Following a very dry January, two heavy snow storms blanketed parts of the south-central Plains in early February, but missed most of the main drought areas. Some improvement is forecast in eastern Oklahoma where heavy snow occurred and the La Niña MAM composites indicate some wetness (but with a low frequency of occurrence). Elsewhere in the central Plains, precipitation tools at most time ranges indicate an elevated chance for below median precipitation, especially the La Niña MAM composite which has a high frequency occurrence. Just to the north, however, forecast tools point toward wetness, plus soil moistures are extremely high (above 90th percentile). This limits any northward drought expansion due to existing moisture conditions. Accordingly, the persistence area in eastern Colorado and western Kansas was kept from the previous outlook issued on February 3, while the area of development in the central Great Plains slightly expanded northward and eastward in line with the monthly and seasonal outlooks, but confined by the very wet soil moisture conditions in the northern Plains and upper Midwest. Forecast confidence for the south-central and central Plains are moderate to high.

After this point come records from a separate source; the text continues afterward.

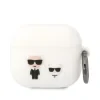 Husa Karl Lagerfeld and Choupette Silicon pentru Airpods 3 Alb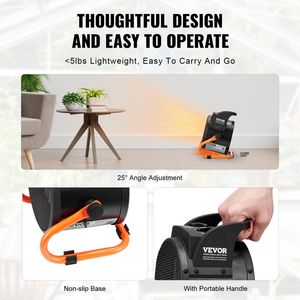 Calentador Eléctrico Portátil PTC de 1500W para Invernaderos y Pequeñas Carpas de Cultivo, Calentamiento Rápido con Protección Contra Sobrecalentamiento, 3 Velocidades - Product Image 6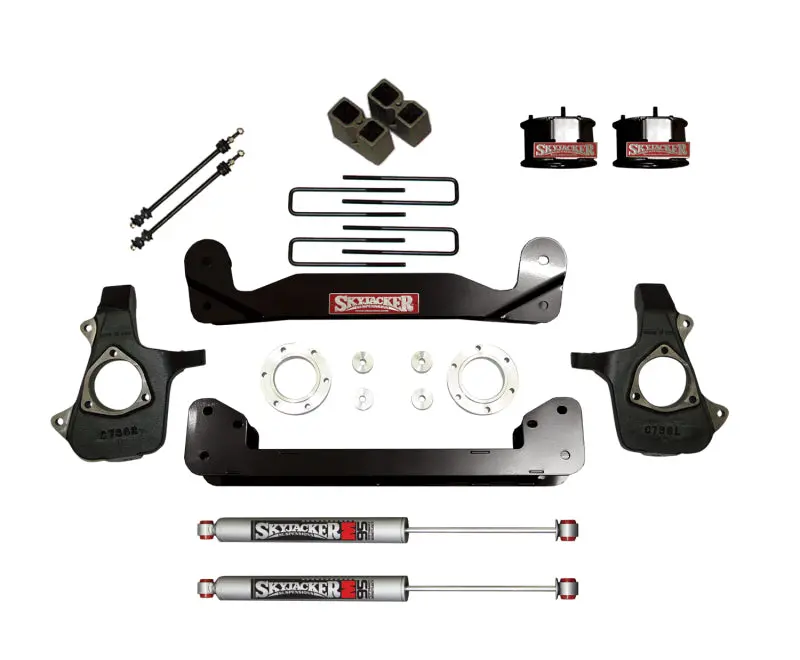 Skyjacker 4-Inch Lift Kit With Rear Blocks & U-Bolts For 2014–2015 Full-Size Trucks (Kt/Spcr/Alm Series) 1
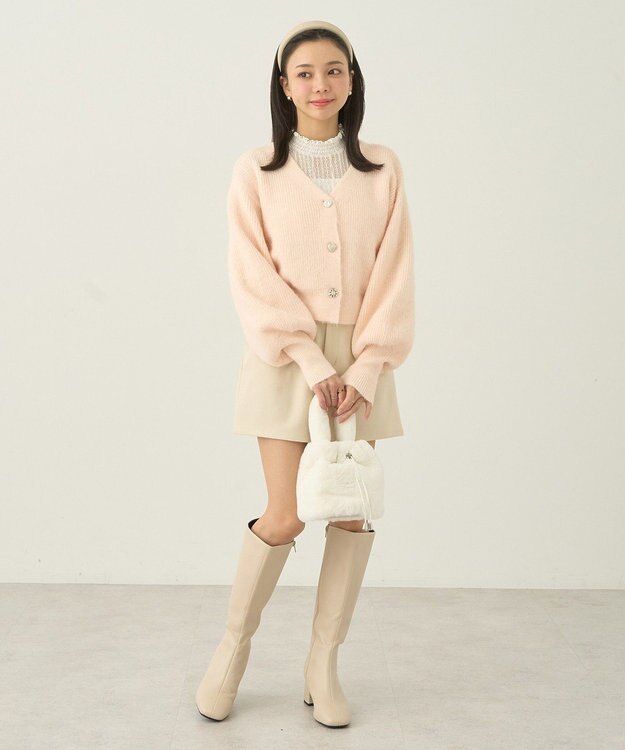 earth music&ecology アソートキラキラボタンカーディガン Pink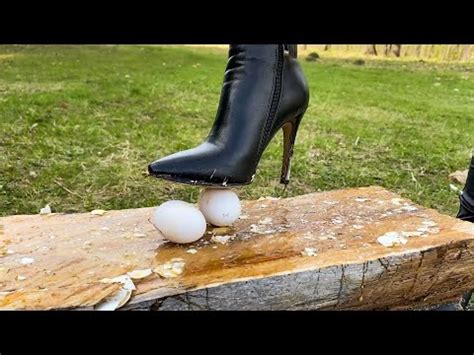 Crush Alena Crushes Chicken Eggs In High Heels Boots Youtube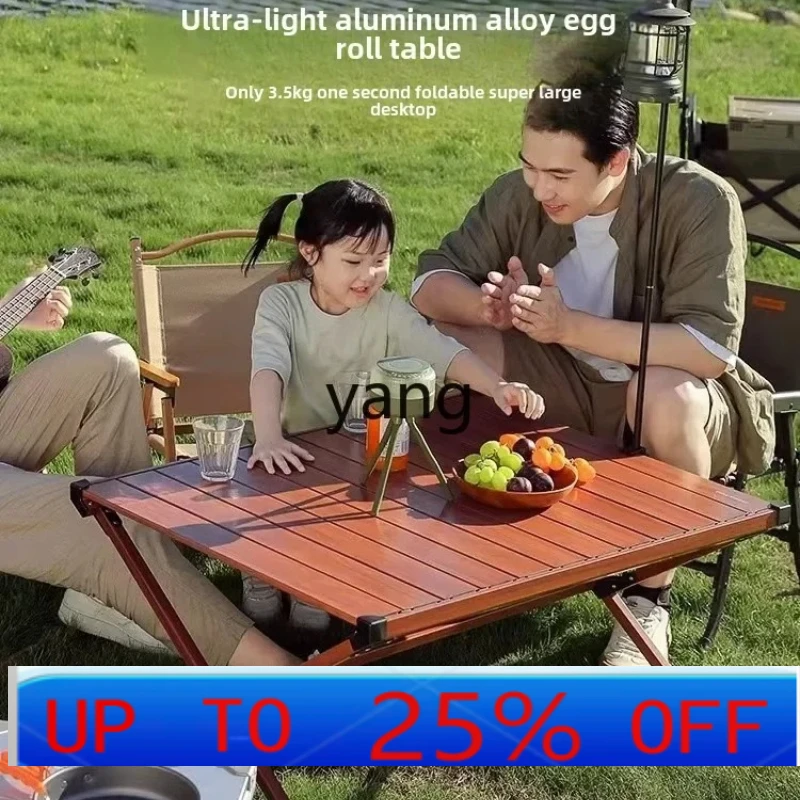 LH outdoor foldable table aluminum alloy egg roll table camp portable picnic table and chair set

Since mid-December, drier than normal conditions have affected much of Arizona and New Mexico. As of February 15, SNOTEL average river basin snow water content values are 30 to 70 percent of normal in southern and central Arizona and New Mexico, with basin average precipitation since October 1 running at about the same values (32 to 75 percent of normal). Precipitation tools at all time ranges indicate enhanced odds of below median precipitation and above normal temperatures. Due to a lack of adequate precipitation this winter, a tendency for dryness during La Niña, forecasts of below median precipitation and above normal temperatures, and decreasing precipitation climatologies for areas already in drought, drought persistence and development can be expected across much of Arizona and New Mexico, and into southeastern Utah and southwestern Colorado. However, expansion is not forecast for southern California as many locations have already exceeded their normal winter precipitation and approached their normal ANNUAL totals from December’s excessive precipitation. Forecast confidence for the Southwest is high.
During the 2010-11 winter, heavy rainfall alleviated drought and dryness on Kauai and Oahu and diminished drought conditions across the rest of the central and western Hawaiian Islands which is typical for a La Niña winter. Enhanced rainfall during early-to-mid February and the ongoing La Niña favor additional improvement in Hawaii. Forecast confidence for Hawaii is high.